Why is this? Economic growth under moderate left governments is significantly higher, increasing the pie for everyone. There's enough for business to prosper as well. Why? One reason is that there's peace on the streets. Even in Venezuela, the rich-- who sabotaged oil production-- have settled in to making money. Screwing Lopez Obrador has cost Mexico dearly.

But there's more to it. Disease is a huge expense in the developing world. Small investments in public health pay off enormously. Infrastructure development is done more efficiently in moderate left governments. Right-wing governments drown in corruption. Education is better under moderate left-wing governments, creating a better-trained, better-motivated workforce.

I know you don't want to hear this.

I'm sorry to trouble you by bringing it to your attention.

But if you are not going to listen, please don't bother to talk.
 
Thank you, charles.

Darn it's good to have people like you around.
 
swiftee what an appropriate name for a Bush Loving Calderon Sycohpant. You come here trying to pull off a Dick Morris-orchestrated SwiftBoat attack on AMLO.

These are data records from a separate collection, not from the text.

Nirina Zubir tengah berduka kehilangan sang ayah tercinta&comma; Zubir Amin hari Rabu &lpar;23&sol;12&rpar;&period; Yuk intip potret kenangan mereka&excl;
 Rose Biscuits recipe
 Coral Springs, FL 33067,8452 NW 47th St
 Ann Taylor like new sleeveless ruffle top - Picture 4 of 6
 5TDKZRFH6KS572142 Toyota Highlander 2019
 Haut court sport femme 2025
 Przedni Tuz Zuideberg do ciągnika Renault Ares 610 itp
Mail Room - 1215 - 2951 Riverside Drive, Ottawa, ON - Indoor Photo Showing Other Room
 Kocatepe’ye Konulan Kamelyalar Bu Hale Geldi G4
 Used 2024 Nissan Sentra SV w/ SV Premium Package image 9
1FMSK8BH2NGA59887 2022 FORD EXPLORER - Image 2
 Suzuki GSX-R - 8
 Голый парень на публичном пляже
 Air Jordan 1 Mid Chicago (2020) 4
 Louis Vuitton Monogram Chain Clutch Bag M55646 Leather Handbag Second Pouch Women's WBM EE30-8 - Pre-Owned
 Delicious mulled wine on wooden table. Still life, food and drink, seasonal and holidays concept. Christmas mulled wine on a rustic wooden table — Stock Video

Explain this since you and your ilk love to repeat everything that is fed to you wingnut central.

If AMLO was really going to put "Mexico will be set back decades" why was he praised by Credit Suisse when they called him a pragmatic accomplished politician.

Or this
From 1982 to 2002, according to S&P, Mexico grew at a per capita growth rate of 0.6% a year.

From 2000 to 2005, according to figures from INEGI, Mexico grew at a 0.8% annual clip.

When Fox came in, the Mexican govt. received about 11.5% of GDP in taxes.

With Fox's "supply side" tax cuts, the Mexican govt now receives less than 10%.

And everything Fox did, Calderon said he was going to do the same. It is Calderon who is going to set back Mexico decades.

You may not lie, you just distort the truth. In my book that is worse than lying.
 
XicanoPwr, the financial press I saw, at least the non-kneejerk press, was generally favorable to Lopez Obrador. They saw in him a Lula, a guy who would work with foreign investors while keeping the social peace.

For example, Business Week:

What if López Obrador wins? Many U.S. executives note that his actual record as mayor of Mexico City, where he cut government waste to pay for social programs and new roads, does not mark him as a Chávez in the making. And many acknowledge that López Obrador makes good sense when he vows to end the generous tax breaks and lax regulation that have benefited Big Business. There's a chance López Obrador could turn out to be like Luiz Inácio Lula da Silva, the Brazilian leftist who turned into a moderate as president.

Unfortunately, our right wing seems not to know the story of the Golden Goose, and are determined to squeeze every drop of gold out of Mexico, even if it kills the country.